On Friday Jan 28th at 10:11pm PDT, the Baklava testnet stopped producing blocks. A number of validators were alerted, including cLabs. After investigating the reason, the cLabs blockchain team found a bug that allowed validators to reach consensus on an invalid block. A missing validation check meant that validators would accept a block proposed by another validator missing a metadata field used for uptime score calculation.
Because this bug could have been used by a malicious validator to intentionally stop Mainnet, the patch was developed and distributed according to our security process. Now that more than ⅓ of the validators on Mainnet have applied the patch, there is no ongoing security risk to the network, and we can share a full disclosure of the problem.
After finding the cause of the network stall, an emergency patch was developed, tested and distributed to the mainnet validators as v1.5.2 at 3pm PDT on Jan 30th, who then upgraded the nodes. Following our security process, the patch was developed on a private repository and distributed only as a binary release. By early on Feb 2nd, a quorum of active validators had deployed a patched release.
Now that the security concern has been addressed, the source code for the v1.5.2 patch is now available publicly on the celo-blockchain repository. Thank you to all the validators who helped quickly address this issue.
We are currently still working on remediating the Baklava network stall. With the help of all validators on Baklava, we should have the network running again soon.
- The validator acting as proposer for block
9949702, proposed a block missing the
ParentAggregatedSealfield. This field is used for monitoring uptime of validators, and represents the “truth” about which validators actually signed the previous block. It’s a required field, and thus the proposed block was invalid
- Validators instead of rejecting the block, accepted it, and consensus was achieved for block
- Every other node (full nodes, proxies) rejected the block, leading to a split in the view of chain state between validators the rest of the network
- Upon receiving a
BAD BLOCKfrom a peer, a node automatically disconnects from it. This implies that proxies disconnected from their validators. Also, if a validators first receives a block from another validator (instead of achieving ⅔ commits on it), they will also reject the block and disconnect from the other validator.
- Since network connections between validators were broken, baklava network stalled
Block Headers in the Celo network contain 3 seals:
ECDA Seal(signature from the proposer)
AggregatedSeal(BLS aggregated signature from ⅔ of the validators)
ParentAggregatedSeal(BLS aggregated signature with all validators that signed previous block)
Each validator considers a block valid (and broadcasts it) the moment they receive ⅔ commits from other validators. Because of that, all commit messages received after that are not added to the AggregateSeal, additionally, validators might not received the same commits message so each validator’s AggregatedSeal might be different
In order to consistently compute which validators signed a block and thus compute uptime for them, the ParentAggregatedSeal collects the signatures that were received after the previous block was sent.
Missing this field then only affects uptime scores.
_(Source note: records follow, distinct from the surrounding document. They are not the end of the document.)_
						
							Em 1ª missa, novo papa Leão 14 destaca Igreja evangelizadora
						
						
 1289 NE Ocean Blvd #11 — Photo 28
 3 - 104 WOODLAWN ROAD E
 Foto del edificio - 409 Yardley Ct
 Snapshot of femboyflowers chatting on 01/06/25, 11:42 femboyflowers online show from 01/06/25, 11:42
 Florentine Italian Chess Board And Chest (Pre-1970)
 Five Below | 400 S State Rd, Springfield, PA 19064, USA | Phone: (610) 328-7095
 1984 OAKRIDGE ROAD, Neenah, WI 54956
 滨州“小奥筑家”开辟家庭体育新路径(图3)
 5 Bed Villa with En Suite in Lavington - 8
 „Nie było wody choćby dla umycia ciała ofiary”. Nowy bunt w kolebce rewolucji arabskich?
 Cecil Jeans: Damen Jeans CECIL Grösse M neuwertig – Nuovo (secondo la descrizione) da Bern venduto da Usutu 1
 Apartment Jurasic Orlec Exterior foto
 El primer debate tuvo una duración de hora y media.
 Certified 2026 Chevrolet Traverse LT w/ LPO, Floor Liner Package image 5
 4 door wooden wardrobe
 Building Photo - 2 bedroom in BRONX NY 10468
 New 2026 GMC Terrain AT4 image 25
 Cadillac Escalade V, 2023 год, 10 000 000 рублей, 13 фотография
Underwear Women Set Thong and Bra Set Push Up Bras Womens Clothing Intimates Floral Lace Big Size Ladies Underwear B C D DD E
So, the consensus bug doesn’t offer any way for an attacker to steal funds, or otherwise modify EVM state outside of the uptime score. Instead it affects liveness, as it will stall the network.
We found a bug on block verification that happens during consensus. This bug implied that all header fields are checked with the exception of the ParentAggregatedSeal.
Details on it can be found in the following PR-1830
The invalid block was sent due to a subtle bug during block creation.
In the event of a validator performing a hot swap at the same time as it is their time to propose a block, there’s a race condition that results in the proposer not adding the ParentAggregatedSeal.
Although the cause of the network stall was due to a rare race condition, triggered incidentally to normal operation, it was possible this to be done intentionally by a malicious validator. This is why this issue was addressed as a security concern.